Excellencies, Ladies and gentlemen,

Earlier this year and subsequently, I have had the honor as an ambassador for the campaign for Andersen’s bicentennial to speak of the deceptive simplicity of his talent, of the lasting value o his works, of the magic of his fairytales. Today, as we come close to the end of that great year we launched standing together in the Bibliotheca Alexandrina, we stand together again in the Bibliotheca Alexandrina to inaugurate a special exhibition dedicated to HANS CHRISTIAN ANDERSEN, right here in the heart of the Reading room of the BA.  We anticipate that in the next few weeks in which this exhibition will stand here it will be visited by tens of thousands people.

While we all admire the polished elegance of his finished tales, the sweat of struggle is evident in his private diaries and in the details of his life.  His friend Thorvaldsen helped him over the great writing crisis he experienced in Rome in 1833. And it is thus appropriate that it should be the Thorvaldsens museum that – thanks to the talents of Ms. Annesofie Becker and Mr. Stig Miss – should give us this intimate portrait of Hans Christian Andersen through the legacy of his writings…

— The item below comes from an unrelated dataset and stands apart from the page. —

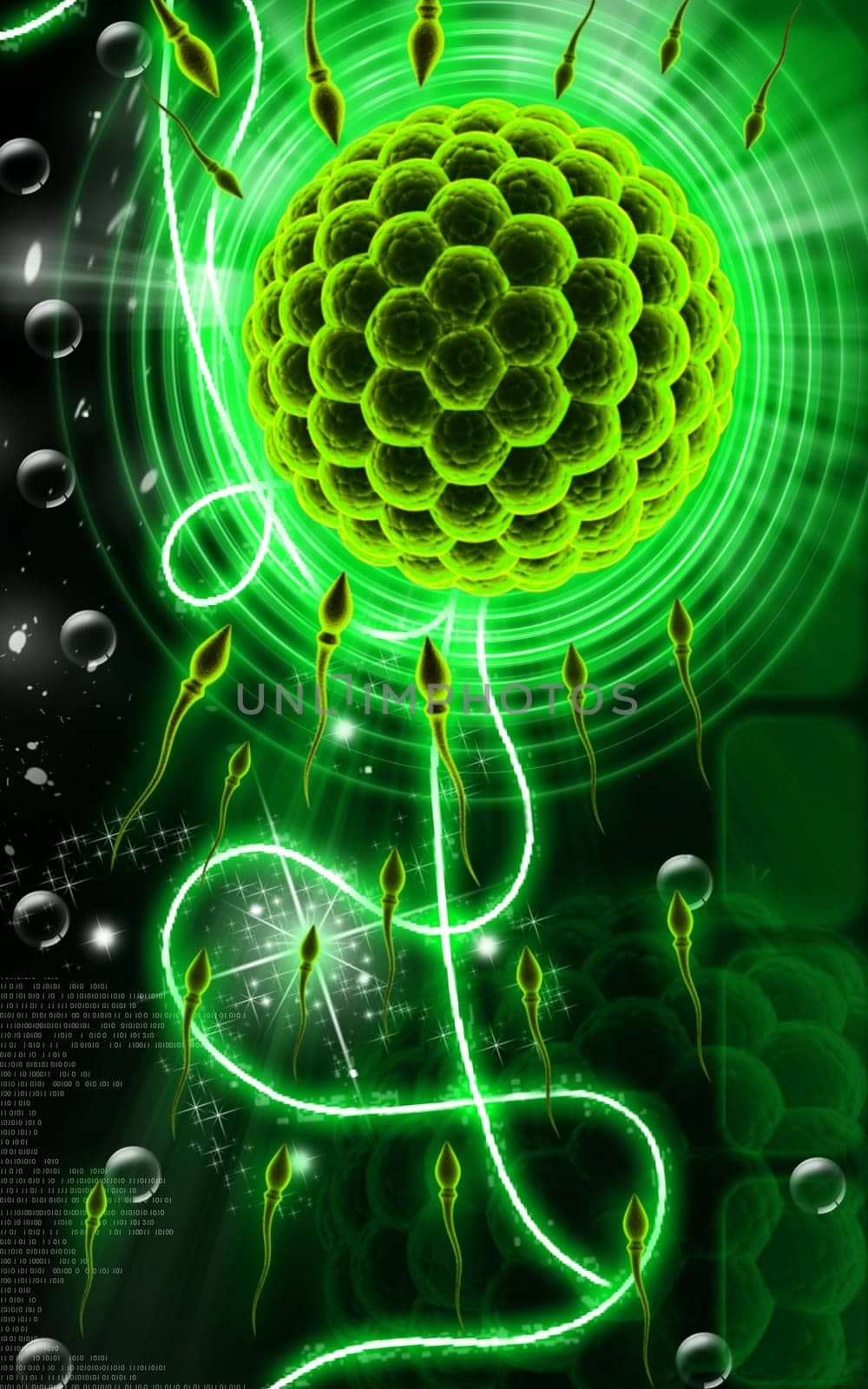 Digital illustration of Sperm and Egg in colour background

It is difficult to imagine that someone who has produced as much written material as Hans Christian Andersen had difficulty writing.  Yet  his career is one of enormous struggle, and his splendid achievements are all the greater for having been accomplished by a man who had to battle his internal doubts and demons, and overcome them in, by and through the act of writing.

The act of writing…

Writing as an act of love…

What a wonderful thought.  How appropriate a title for an exhibition about the unique talents of Hans Christian Andersen. 

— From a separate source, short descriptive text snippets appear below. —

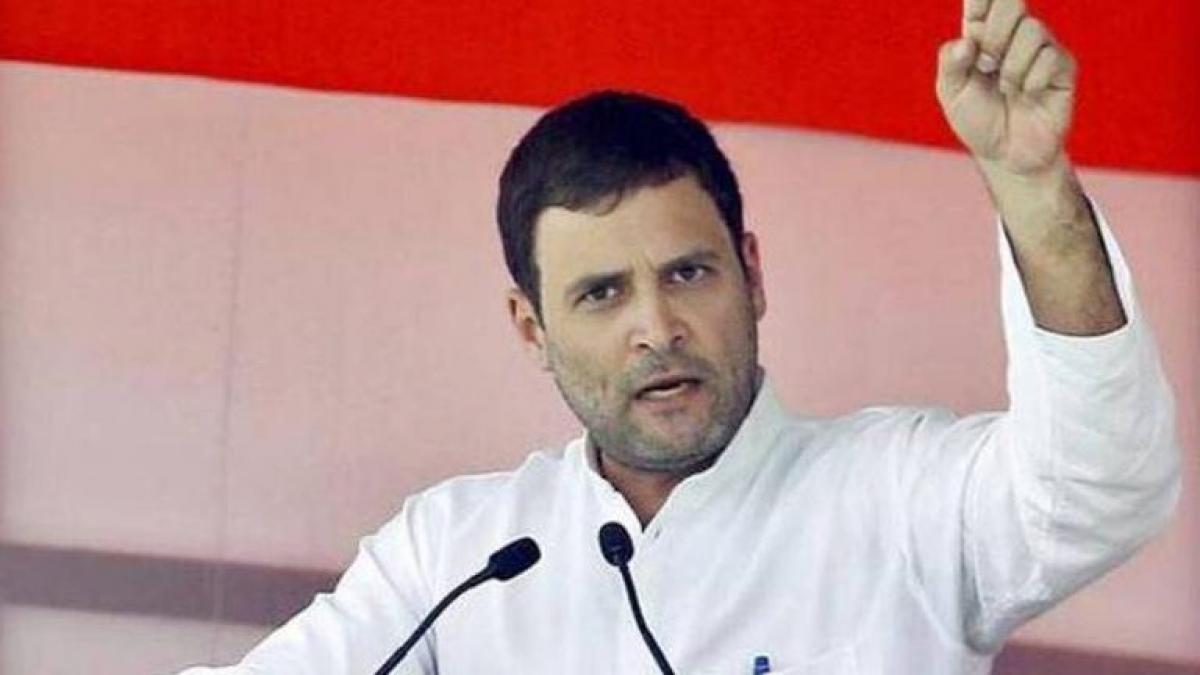 राहुल गांधी, कांग्रेस सांसद (फाइल फोटो)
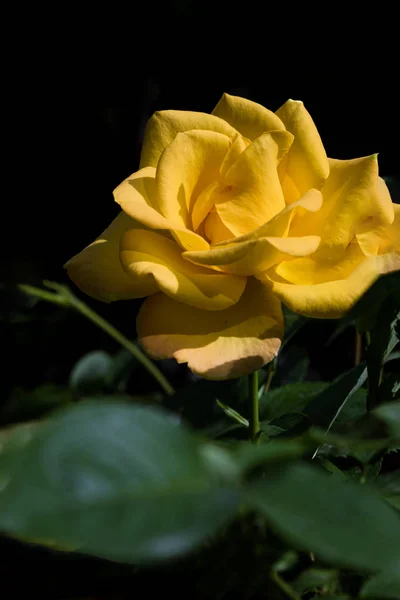 Primer Plano Una Flor — Foto de Stock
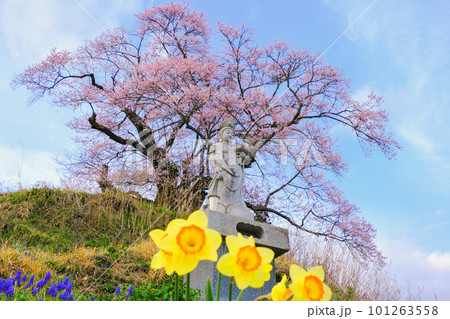 水仙とヒガンザクラ 101263558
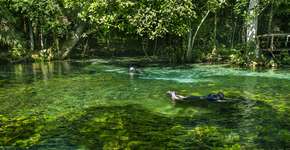 Foto: (Hudson Garcia/Divulgação)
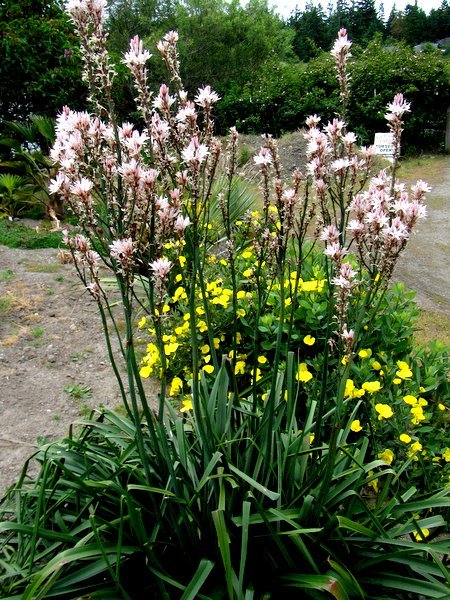 Asphodelus aestivus Far Reaches Farm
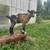 Registerable Dwarf Nigerian Goats 3 thumbnail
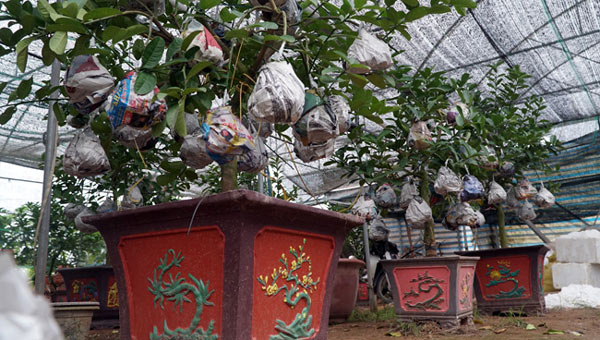 Phật thủ bonsai giá bạc triệu có nguy cơ &#34;cháy hàng&#34; trước Tết - 12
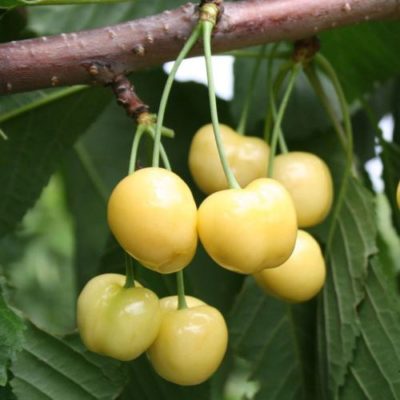 Yellow Homestead Cherry — ранний и урожайный сорт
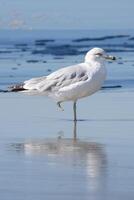 Smiling Seagull Stands on one Leg in Front of the Ocean photo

By focusing on the actual process of writing in Andersen’s diaries and journals, which are the starting-point for his entire body of work, the exhibits afford visitors a closer look at the very foundations of Hans Christian Andersen’s writings.  But the exhibits themselves with utmost economy of displays – just a few manuscripts… a hint, a brief image of the scholarship that under-girds the work.. and then provides a cozy setting to hear the stories.  To hear the stories being read to us…  We are carried back to those enchanted moments when we all first heard those stories… when they were read to us by our parents, till we got to read them for ourselves, and ultimately till we read them to our children an grand children.  Stories that are not just part of our own collective journeys of life, but stories that today are part of the universal legacy of humanity..

Our own first lady, champion of reading and of libraries, who could not be with us today, insisted on recording one of the stories, the teapot, in her own voice..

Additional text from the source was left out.